A grieving mother has a powerful warning for Maryland parents after her daughter was murdered and the suspected killer was allowed to attend a public school.

“When I start from the very beginning and get to the very end, they’re like, ‘wow, that is a really crazy story,’ ” The victim’s mother Tammy Nobles told Project Baltimore. “And I say, ‘it is a crazy story. But it’s a true story.’ It’s the worst pain that a parent can ever get.”

Nobles’ daughter Kayla Hamilton was killed on July 27, 2022. For more than two years her death made headlines.

“She was just found with a cord wrapped around her neck and her mouth. Then just left her on the floor, like trash,” Nobles explained.

On the day Kayla died, Aberdeen Police quickly identified Walter Martinez — 16-year-old MS-13 gang member from El Salvador who was in United States illegally — as a primary suspect, according to charging documents, which showed Martinez was detained by police and questioned. Detectives had surveillance video and an audio recording that placed Martinez at the scene of the crime. Martinez was read his Miranda Rights.

“They knew he was guilty. They just needed that DNA to really lock it in,” stated Nobles.

When police sent out Martinez’s DNA, it took six months to process. And after Kayla was murdered, and while police were waiting for the DNA results, Martinez was allowed to enroll as a student and was attending Edgewood High School in Harford County.

“It makes me angry,” Nobles told FOX45. “You’re sitting there putting this monster into high school with other people’s children, and you’re putting children at risk. Look what he did to Kayla.”

According to information Fox45 News gathered from local and federal agencies involved in the investigation, this is the timeline of events surrounding Kayla’s murder.

In March 2022, Martinez entered the United States illegally through Texas as an unaccompanied minor. He was apprehended by Border Patrol and sent to live with a sponsor in Maryland.

By July 2022, Martinez moved to a mobile home in Aberdeen where he later killed Kayla.

By the fall of 2022, as police waited for the DNA results, Martinez had been placed in foster care with Child and Protective Services. He then enrolled at Edgewood High School.

In January 2023, the DNA results came back, and Martinez was arrested.

In August 2024, he pleaded guilty to murder and was sentenced to 70 years in jail.

“Why did you put him in a public school? I want to know why,” said Nobles. “Somebody needs to be held accountable.”

Under Maryland law, even though Martinez was a suspect, since he had not yet been charged with murder, he could attend Edgewood High School, and authorities, including CPS, were not required to tell the school about his past. But Nobles believes someone should have.

Harford County Public Schools told Fox45 in a statement when Martinez was enrolled in October 2022, “There was no information in our possession that would suggest he was a danger to other students and staff.

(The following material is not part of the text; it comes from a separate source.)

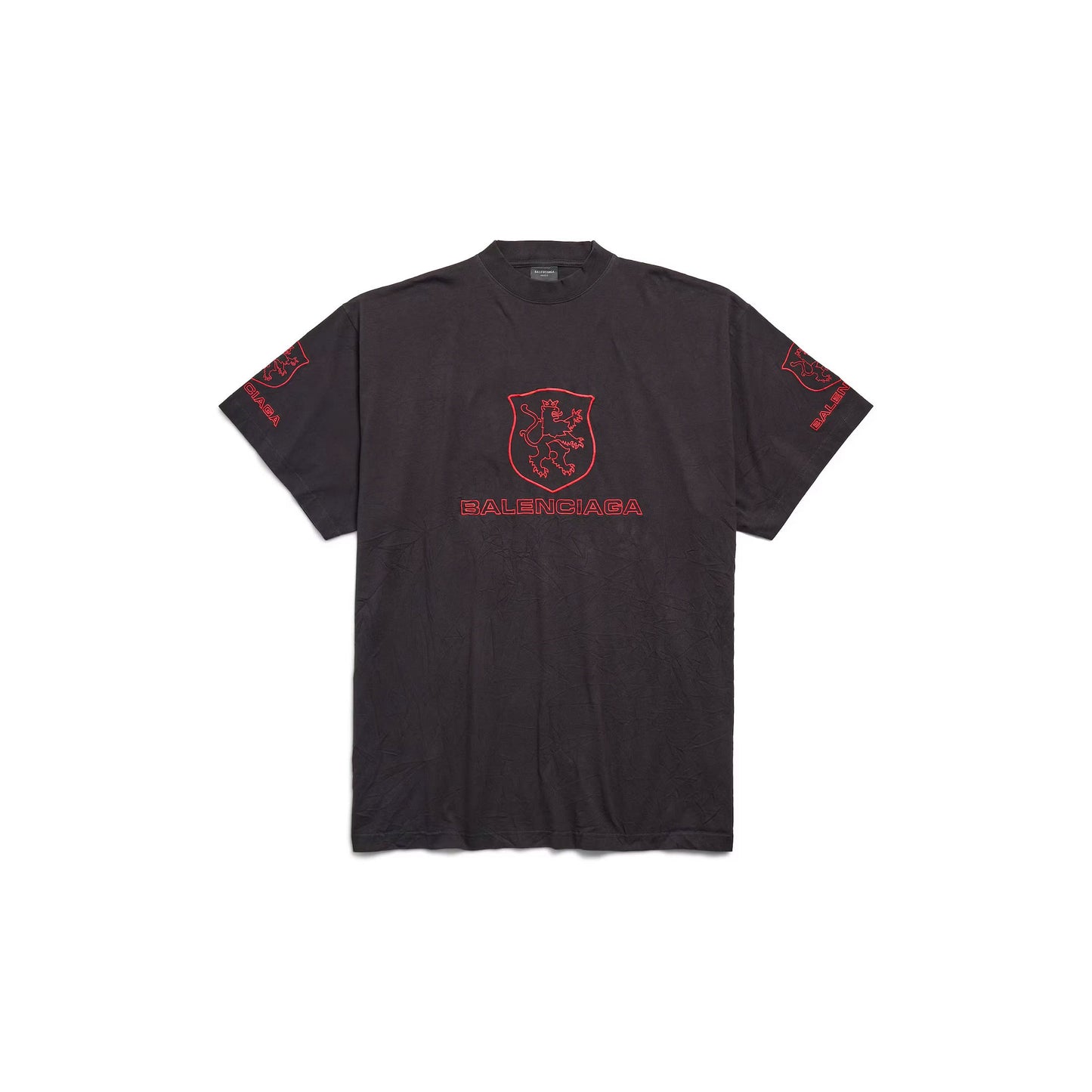 Men's Lion Club T-shirt Oversized in Black/red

HCPS is not afforded unfettered access to information held by law enforcement which may suggest that a potential student is dangerous, gang-affiliated, or suspected of heinous and disturbing crimes.”

“We need to change the laws,” said Nobles. “If you’re a suspect, the main suspect of a felony, you should not be able to attend school with other children. They have virtual school and computers.”

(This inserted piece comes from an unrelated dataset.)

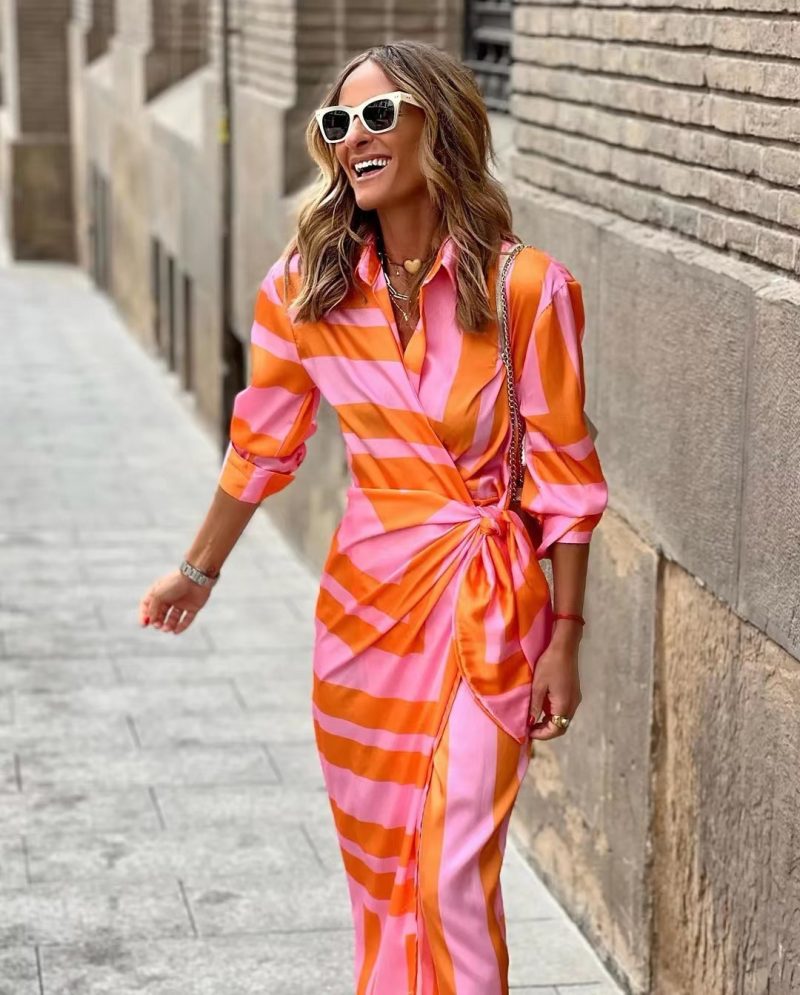 Striped Print Mid-Length Collared Lacing Dress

Several organizations were involved in the investigation into Martinez, including the Aberdeen Police Department, Maryland State Police, the FBI, Immigrations and Customs Enforcement and Child and Protective Services.

Yet, when Martinez was enrolled in Edgewood High School, no one involved told the school that a teen suspected of murder was walking the hallways with 1,400 other students.

“Imagining what [Kayla] went through that day, how she felt — her last moments knowing that she was dying, and she wasn’t going to see me again — how scared she must have been,” said Nobles, who lives in Virginia with Kayla’s younger brother and sister. “I want to make sure that it doesn’t happen to someone else. People need to know what actually happened and what is going on. Her death is not going to be in vain.”